On 1 August 1975 leaders from the participating nations signed the Helsinki Final Act. It included three "baskets." Basket I contained a "Declaration on Principles Guiding Relations between Participating States." It legitimated the present borders within Europe, outlawed the use of force, prohibited intervention in the internal affairs of any state, and required respect for human rights and the self-determination of peoples.

Basket II addressed "Cooperation in the Field of Economics, of Science and Technology, and of the Environment." It sought to encourage increased East-West trade, scientific collaboration, and industrial management, and recognized the interdependence of societies across Europe.

Basket III dealt with "Cooperation in Humanitarian and other Fields." It provided a basis for increased person-to-person contacts between Eastern and Western Europe, encouraged the freer movement of peoples and ideas, and promised to facilitate the reunification of families long separated by Cold War conflict.
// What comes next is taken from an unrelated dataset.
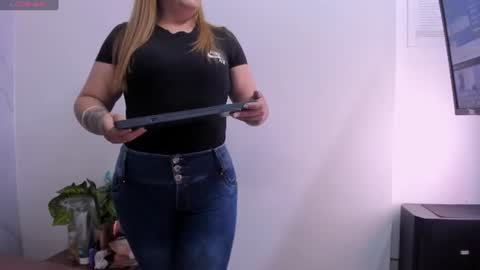Alisson Harris online show from June 16, 2:03 am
Critics were quick to point out that these agreements lacked enforcement mechanisms. Moreover, they gave the communist governments in the Soviet Union and Eastern Europe legitimate standing as equals with the democratic regimes in the West. The Helsinki Accords, however, also legitimized human rights in the most repressive parts of Eastern Europe and the Soviet Union. Dissidents, like the founders of "Charter 77" in Czechoslovakia, used the language of the Helsinki Accords to justify their criticisms of communist governments. Many of the dissidents inspired by the Helsinki Accords led the anticommunist revolutions of 1989. In addition, many of the "new thinkers" in the Soviet Union who attained power after 1985—including Mikhail Gorbachev—explained that they hoped to build a more humane European civilization, as outlined in the Helsinki Accords. Seeking stability, Soviet leaders signed the Final Act in 1975; in so doing they unleashed domestic forces they could not control.

Bibliography

English, Robert. Russia and the Idea of the West: Gorbachev, Intellectuals, and the End of the Cold War. New York: Columbia University Press, 2000.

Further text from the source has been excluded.